Our activity is centred on a small triangle of land which is about half an acre in size and surrounded on all sides by miles of industrial scale agriculture

a little piece of land functions as a fertile ground upon which we develop ideas and formulate questions which we can mediate via artistic production. It gives focus to our responses to: the politics and economics of globalisation; climate change; accelerations in urbanisation; the increase in an urbanised, colonising world view and the decrease in agency experienced by ordinary people in areas of activity that our ancestors would have taken for granted; and to researching and re-imagining what kind of food landscape people living on this land would have recognised before the arrival of farming.

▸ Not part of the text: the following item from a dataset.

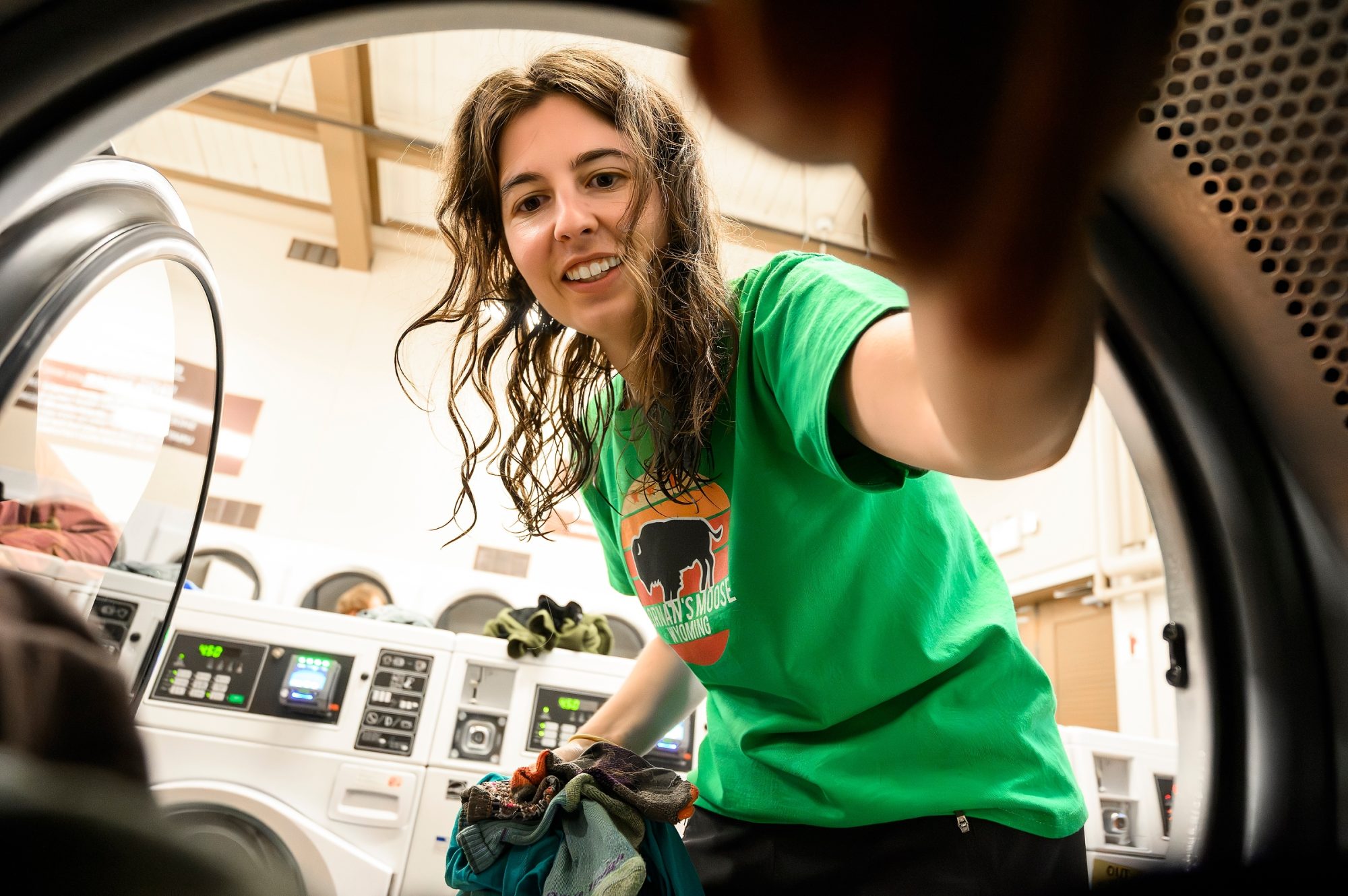 Looking out from inside a dryer, Arielle Link is smiling and holds a handful of colorful hiking socks while she moves her laundry over from a washing machine.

Our response was provoked by extremes of weather we experienced in the first half of 2012, which affected our initial commitment to establishing an edible five layer permaculture to explore alternatives to industrial, globalised food production via an attempt to redress the current energy ratio of industrialised farming: For every 1 calorie of food produced by modern agricultural methods, 10 calories of fuel are burned in its production. We decided not to fight nature by tilling, planting, weeding and reaping as farmers and growers do, but to learn from the environment and to work with it; to discover and (re)learn what can provide food from amongst the indigenous wild plants that grow vigorously and reliably whether we cultivate them or not. We have now developed a system of minimal positive intervention in a re-wilded ecosystem, which draws on permaculture tenets to ensure we obtain the foods we need from a self-sustaining system which accommodates us, rather than being managed by us.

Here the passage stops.